Over the years I have recalled the many times I believed myself a failure as a parent. In some ways I was gentle on myself given that my parenting journey began when I was only 17, and by the time I was 21, I had 2 children to raise on my own for most of their upbringing. I figure I did my best; well the best any woman could do at such an age on her own. However, I used to also feel guilty about my failings. I would carry around this damaging script that said because I was young and single I had to do everything twice as well as other people in order to be considered 'good enough'. My children went to private schools, even when that meant I had to really go without. They were always well dressed, even when that meant I didn't allow them much autonomy in choosing their own clothes. And they always, always had to wear shoes!
As I listened to the woundedness in my adult daughter, I was surprised to find that I wasn't feeling consumed with old familiar guilt. I was very sorry that I couldn't be what she needed at that time and that she was hurt, but mostly I was just very hopeful that she has been able to find other people to help heal the wounds I may have created, or those wounds she couldn't share with me.
I wished that I had known all the time that my children were growing up that I didn't need to carry so much guilt and negativity and that they would have so many other people in their lives to influence them and that everything didn't have to fall on me. I wish that when one of them came to me then, that I could respond as I can now; with compassion and love and hope and without defensiveness and fear of failing.

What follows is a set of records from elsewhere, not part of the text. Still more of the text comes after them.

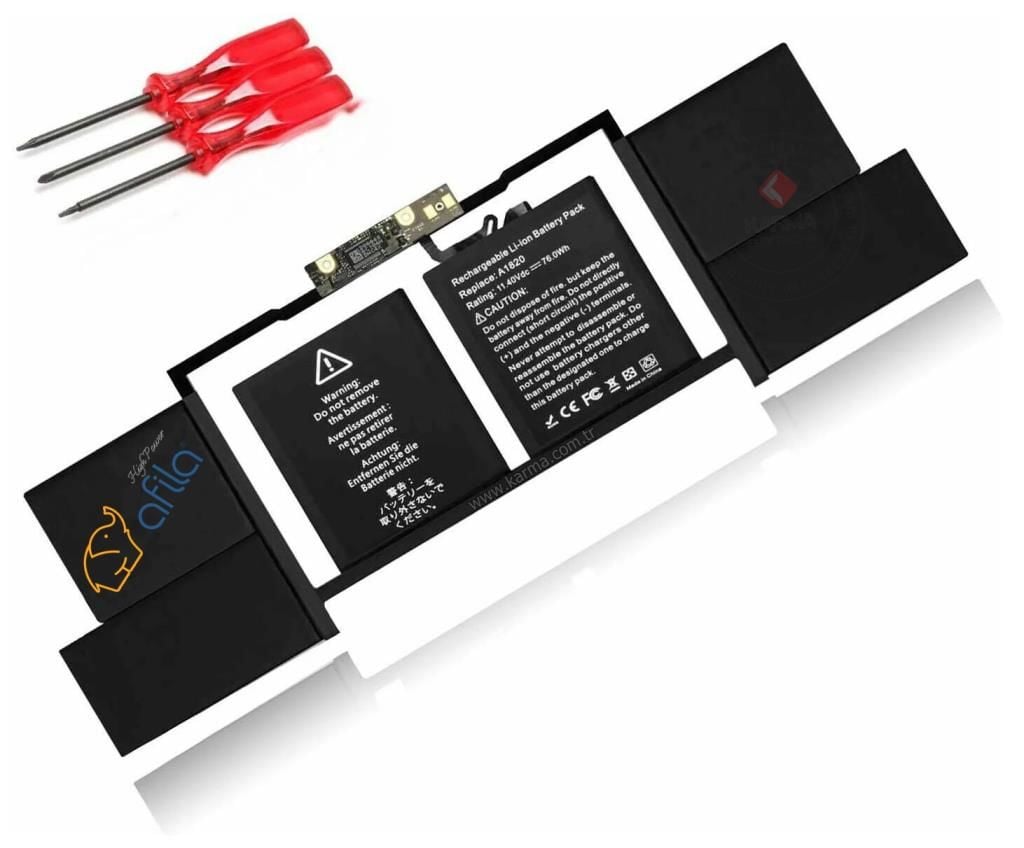 Apple Macbook Pro 15 A1707 Late (2016 2017) A1820 Laptop Bataryası, Pili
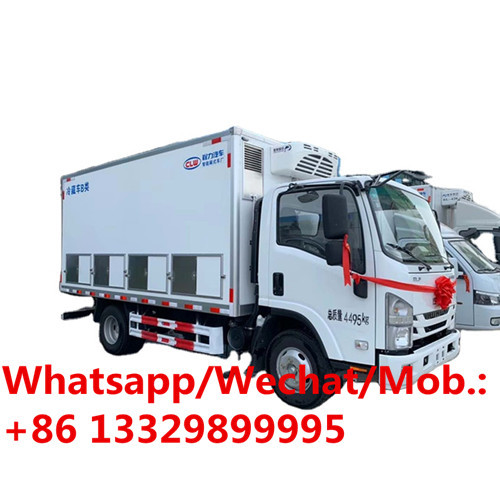 China China supplier of day chick transproted box truck for sale, new cheaper customized baby chick refrigerated van truck on sale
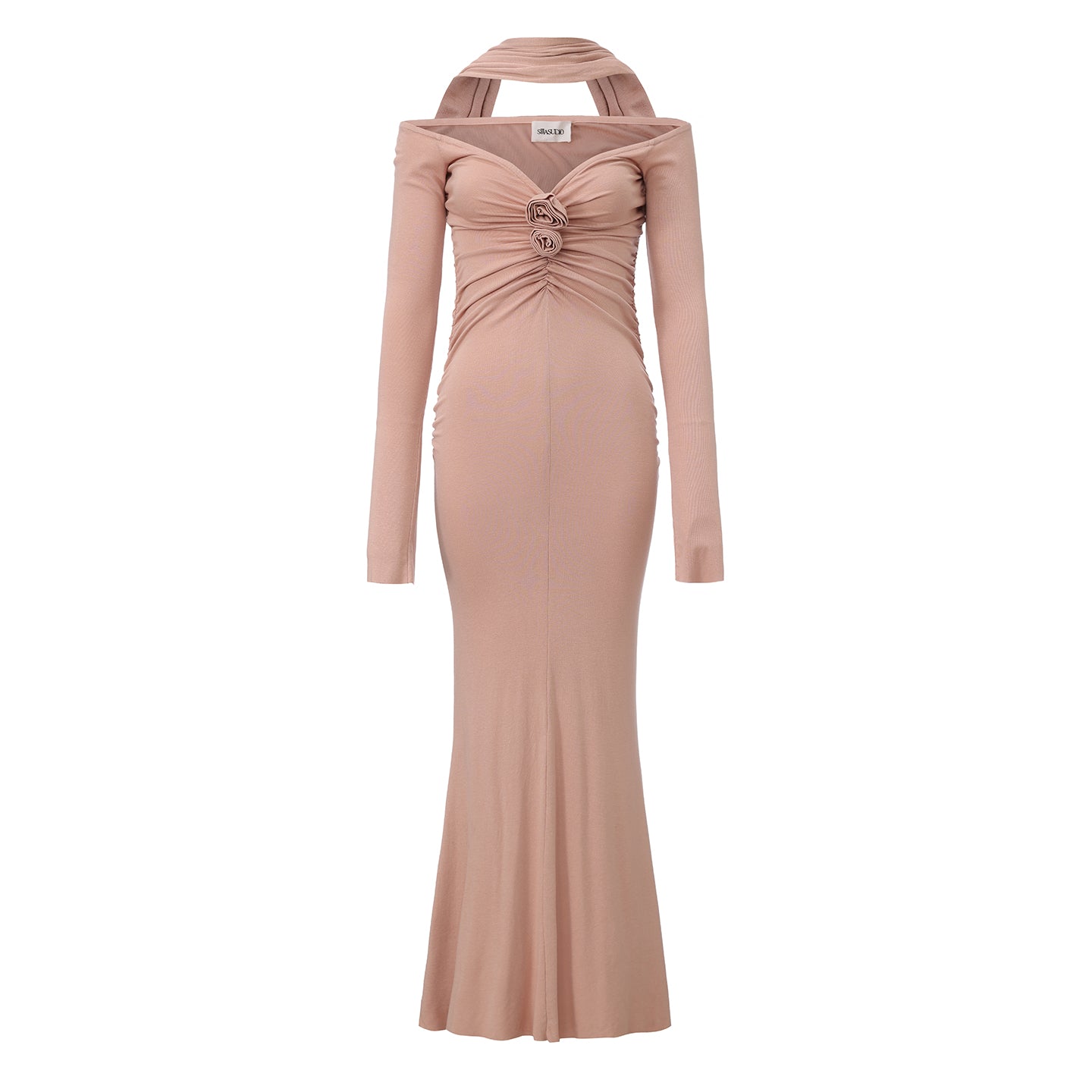 Pink Floral Halterneck Dress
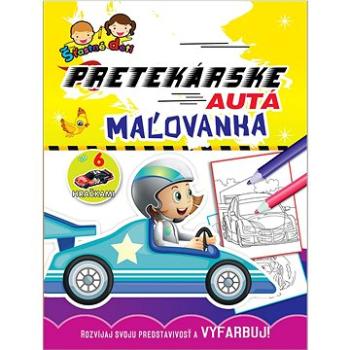 Pretekárske autá Maľovanka: Rozvíjaj svoju predstavivosť a vyfarbuj! (978-80-88888-36-9)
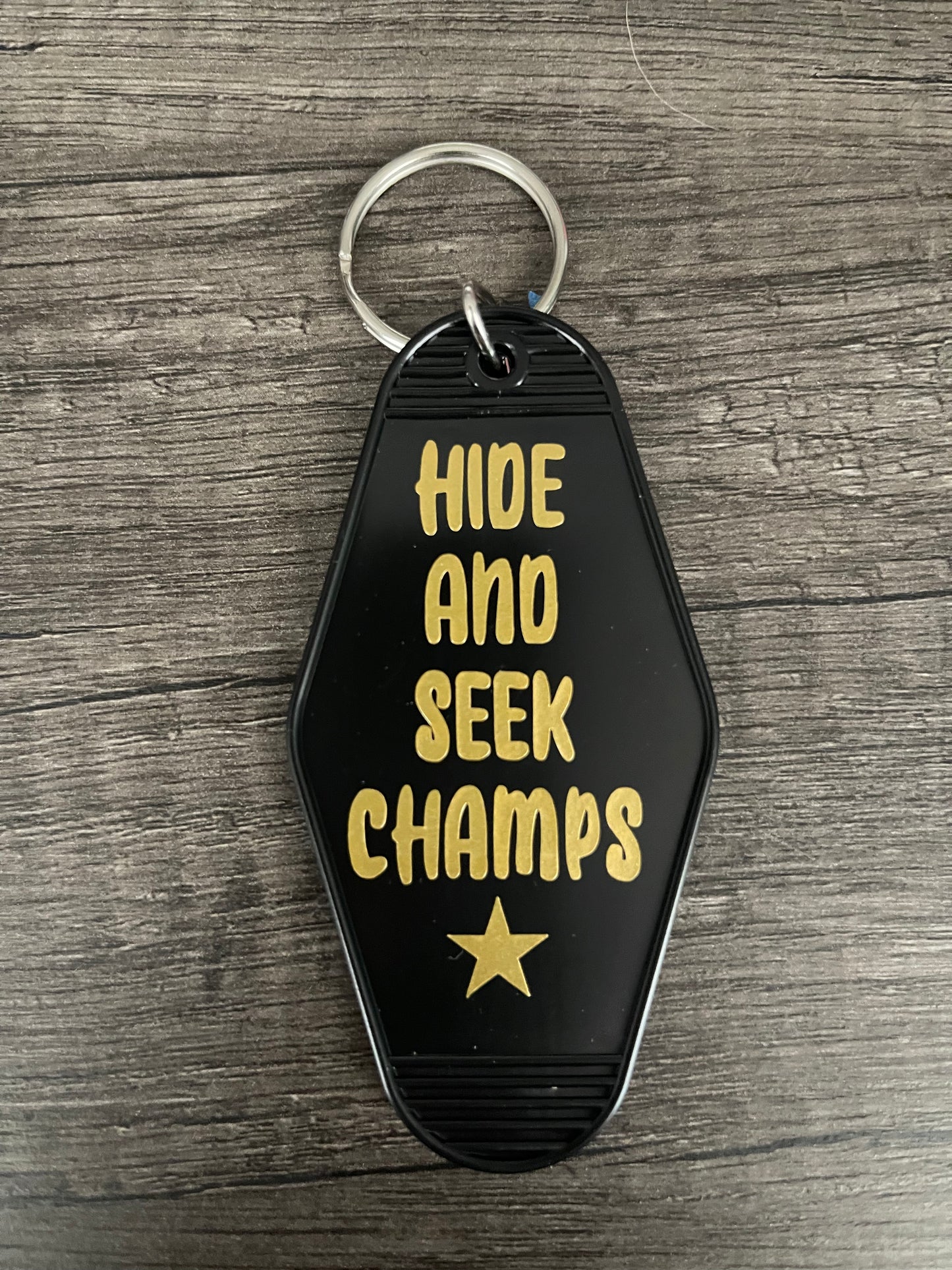 Hide and Seek Champs Keychain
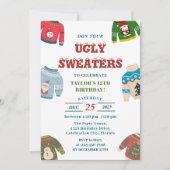 Invitation Vacances hivernales Douces moches fête d'anniversa (Devant)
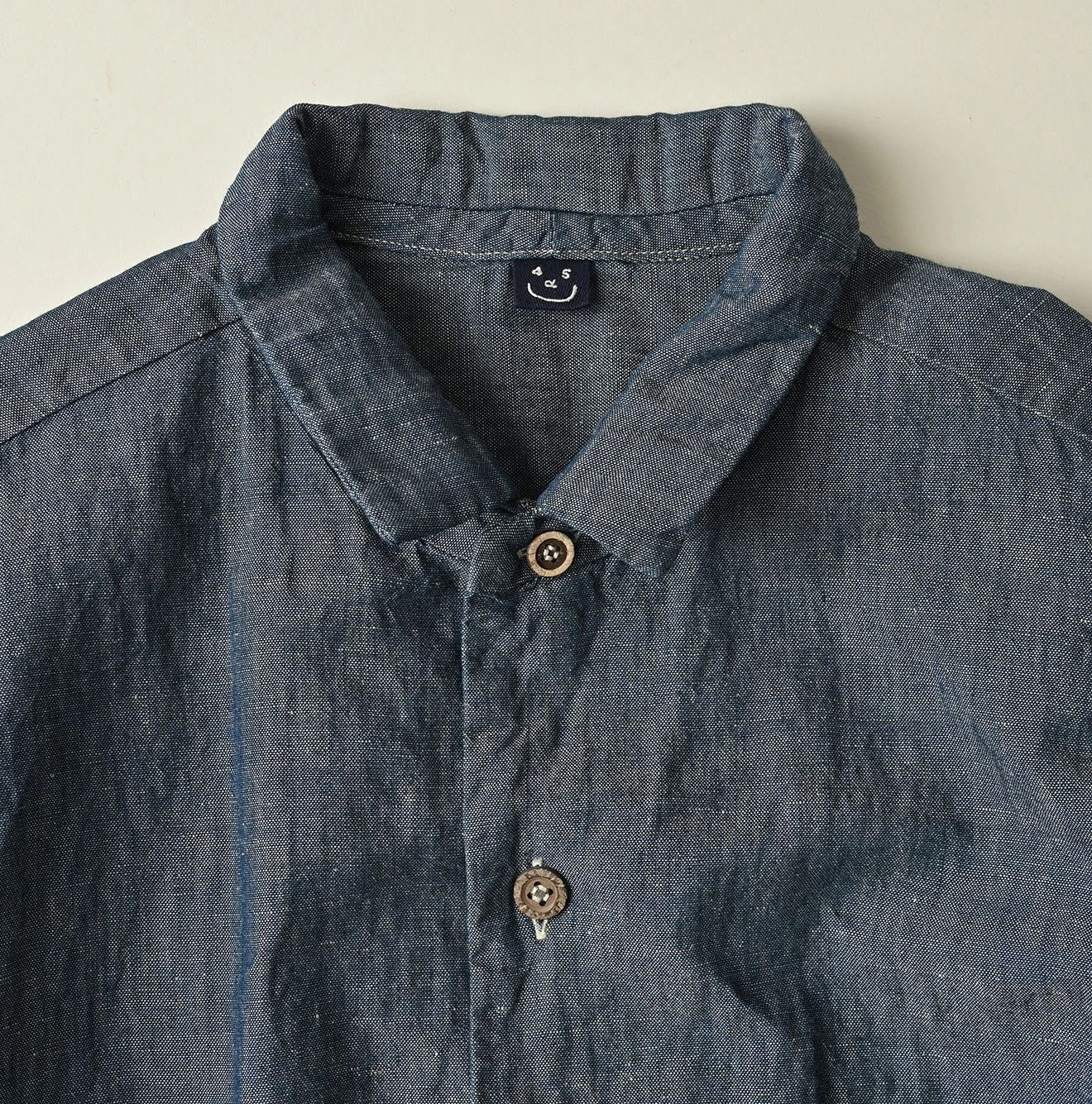 Cotton Linen Dungaree LeiLei Shirt MEN Nou Detail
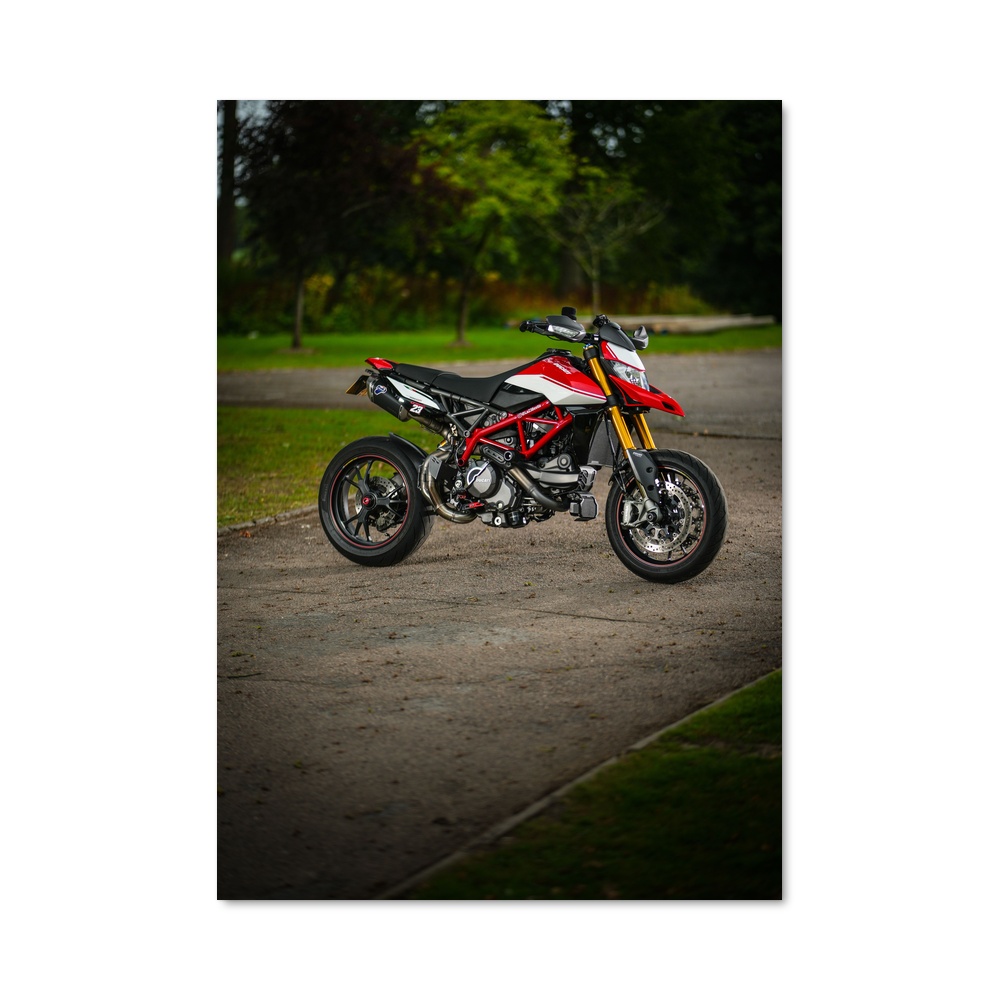 Poster Hyperdrive Rouge – affiche Ducati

This week's conversation with my daughter made me realise something new about myself. I realised I am now able to incorporate into my own sense of self many of the philosophies that drive my work and my outlook toward other women; that is that we are not, or should not, be carrying total responsibility for the raising of our children. Our children do much better when they can be surrounded by as many people concerned for their welfare as possible. Our children need more than just their parents to look to for their understanding of the world and their own personal and spiritual growth. No woman should ever feel abandoned, alone, isolated, unsupported, discouraged or guilty on her mothering journey. All women should feel surrounded by helping hands, loving hearts and smiles pointed both toward her and toward her children. We need a village.